Tres Santos is a project being developed by Black Creek, a multi billion-dollar developer in Colorado, and their Mexican subsidiary MIRA. Recent lengthy articles in the national Mexican newspapers, La Zeta and Proceso, have linked Black Creek to high-levels of the current Peña Nieto government and investments involving the family of Salinas de Gortari, the disgraced former President of Mexico. Permits for the project were granted with speed and secrecy at a national level and the developers have resisted all attempts by the fishermen or the townspeople to see them and the environmental damage the developers have already done has gone unpunished.
For almost a year, we have been filming town meetings, raucous rallies, legislative debates, cooperative gatherings and legal strategy sessions as people try to force some transparency and to understand a multi million dollar deal that is also bringing Colorado State University to Todos Santos, as part of the development – for American use only. The progress of the rising opposition will form the backbone of the film while intimate scenes with the Salvatierra family and others will provide the emotional center. The international relevance and repercussions of these stories will be underscored through interviews with geologists, environmental lawyers and marine and water experts.

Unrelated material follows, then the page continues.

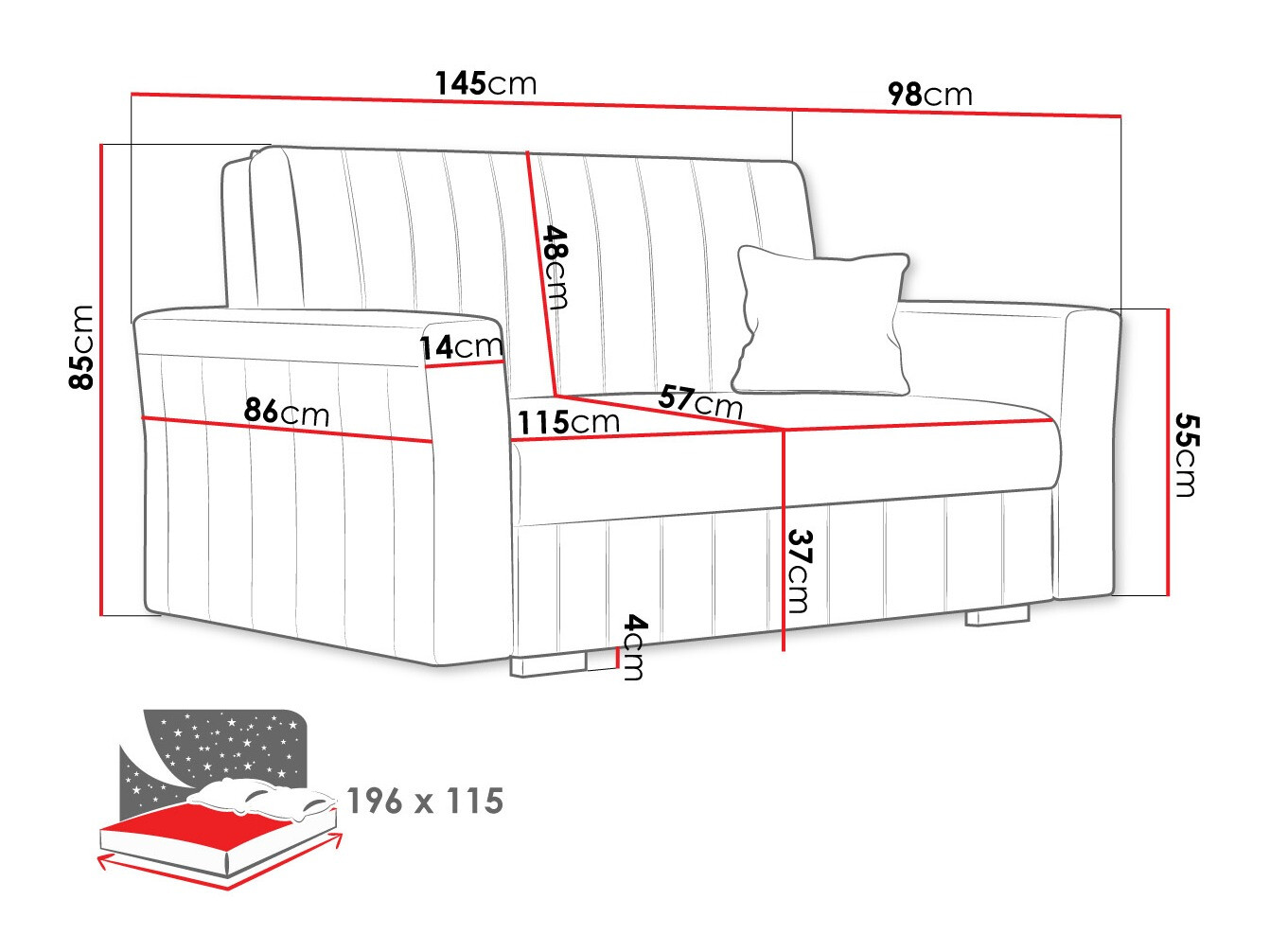 Dīvāns gulta Columbus 136 (Kronos 07)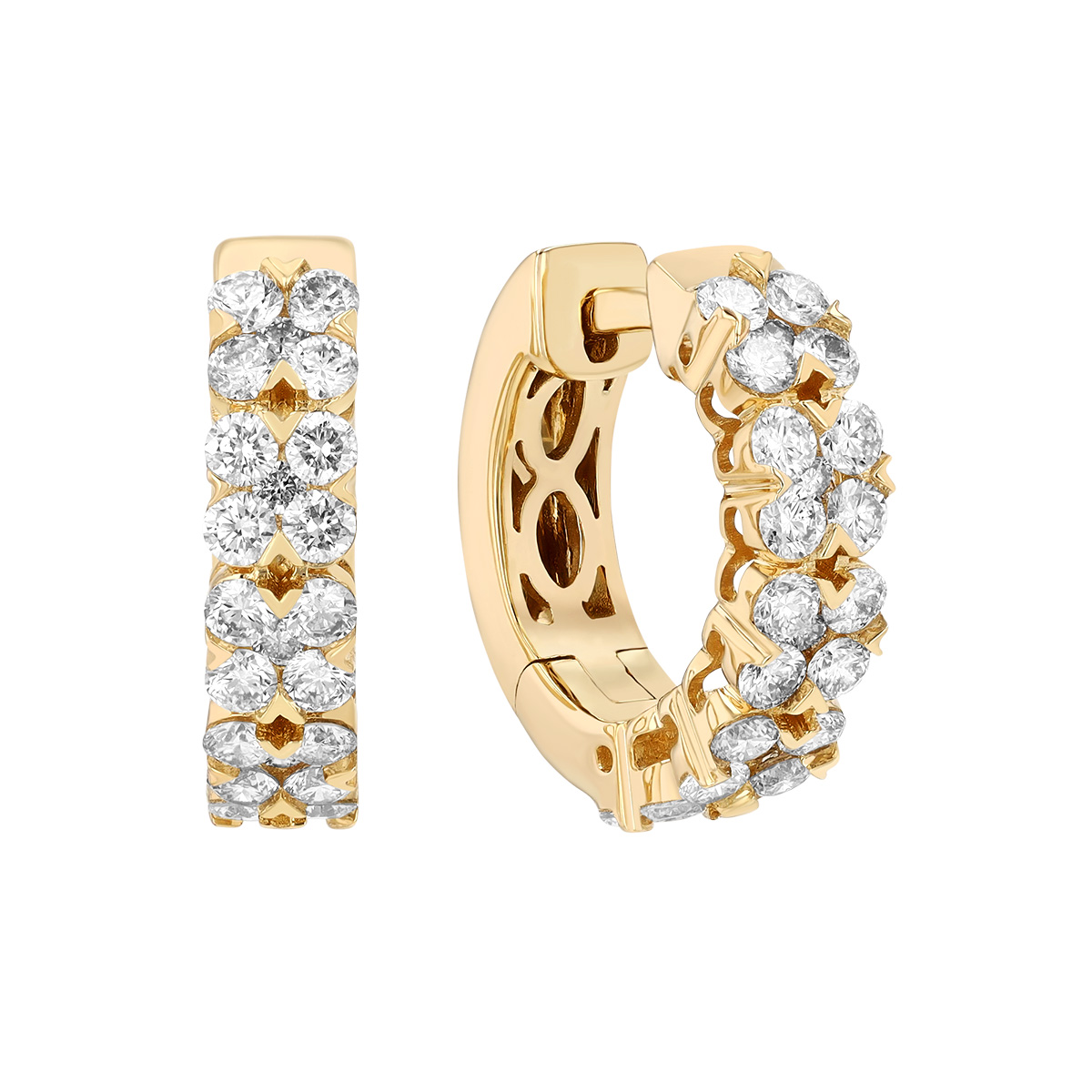 Diamond Floral Cluster Hoop Earrings in Yellow Gold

While rampant, unsustainable development is destroying communities and long-held ways of life all over the world, this development is happening along the fragile coastline and mountains of Baja California Sur. This pristine desert environment, home to thousands of endemic species of animal and plant life, borders the Pacific Ocean where the Peña Nieto government plans to build a corridor of mega developments, threatening other small, coastal communities.
Lisa F. Jackson and Sarah Teale are Emmy award winning documentary filmmakers who have been filming the rising opposition to Tres Santos since March 2015. Sarah Teale has decades of family connections in Todos Santos. Lisa F. Jackson speaks fluent Spanish and, as she grew closer to the families, she moved to Todos Santos full time. As a result our film provides an intimate, insider’s view of this turbulent struggle for human rights and the attempts of one community to hold on to their patrimonio, their heritage.